Even though I think Paul Laudicina, AT Kearney's chairman, is a bit misguided when it comes to politics and economics -- his address at ISM's annual event last year could have been a stump speech for Obama's CSR and finance priorities -- his recent online column in Forbes makes a good effort at sharing some of the supply chain risk implications of the recent explosion of that unpronounceable volcano. Laudicina does a solid job of summing up the supply implications of the event when he notes that "Businesses of all types were affected, from fine dining restaurants in Asia that were unable to receive their foie gras shipments from Paris, to the recipients of U.S.-bound contracts stuck on grounded FedEx planes at Heathrow." Editors note: the fois gras reference certainly has nothing to do with AT Kearney meal expense submissions to clients.
Moreover, the event also impacted AT Kearney executives and consultants, who had to wait for their cross-Atlantic business class tickets to take flight until airports reopened (yet another good excuse to stay another night in a swanky hotel on the client and find the closest Michelin one or two star ode to gastronomy, I say, speaking from past consulting experiences from my youth). Yet the more serious implications of the event -- and AT Kearney's research on supply risk -- suggest that companies have their hands full tackling supply risk on multiple fronts that are potentially far more costly than having a strategy and operations consulting team practicing a land and expand strategy in their HQs.
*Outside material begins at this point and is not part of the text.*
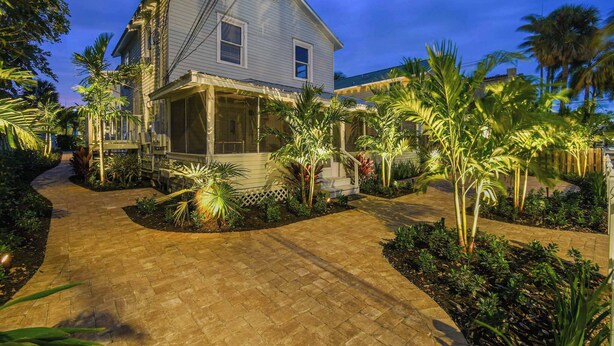 Exterior - Cottage on Camden 8 - Downtown! (Stuart)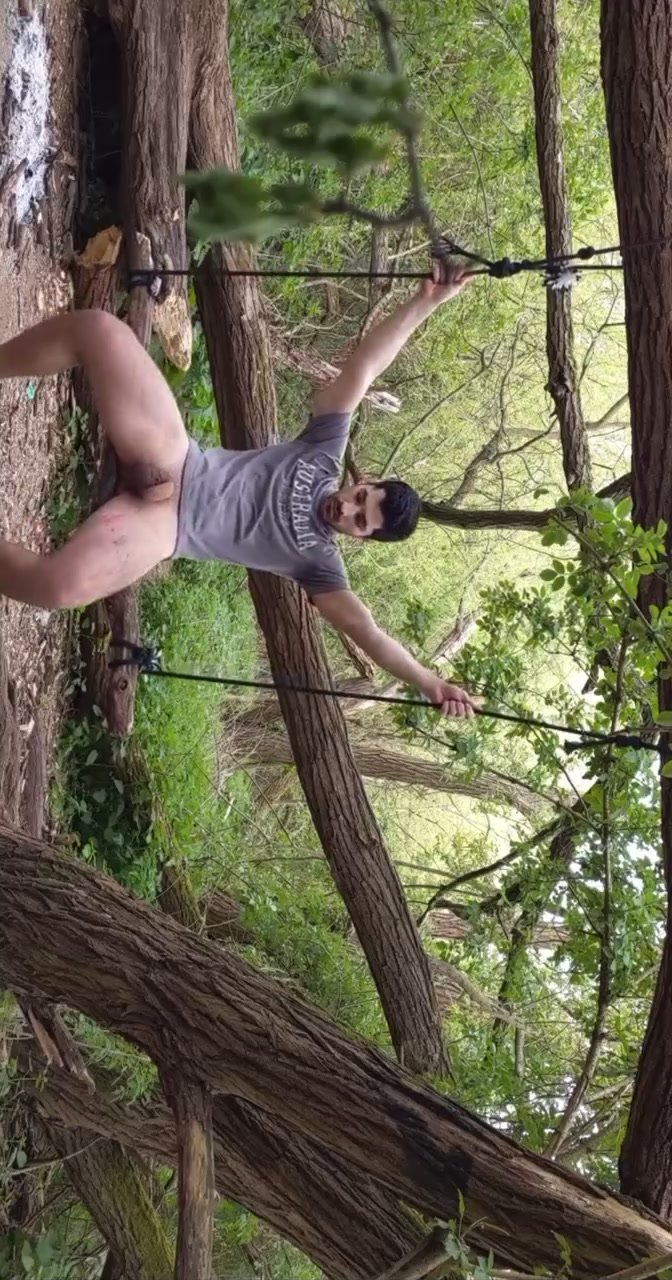 Wank on a swing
AT Kearney's benchmarks in the area suggest company executives are fighting multiple fires on the supply risk front. According to their recent research, 43% of survey respondents cited volatile commodity prices as an area of concern when it comes to supply risk. This was followed by "credit or currency risk in sourcing countries" (37%), rising fuel costs (36%), "unpredictability of customer or market demand" (34%), suppliers meeting standards for quality and safety (31%), protectionism or other trade restrictions (31%), large carbon footprint (20%), supply chain visibility (16%) and piracy (7%).
These findings echo similar results from our own informal research at Spend Matters. But what's more interesting to us is how companies are coping with the myriad of risks. In our experience, they're doing far more than just hiring consultants to create fancy decks that sit on the shelf. Smart organizations are defining priorities and strategies (with or without the help of consultants) and are then making the right set of investments in technology to automate risk monitoring in key areas. They're also making concerted efforts in building out supplier development teams and efforts to respond more quickly to risk factors.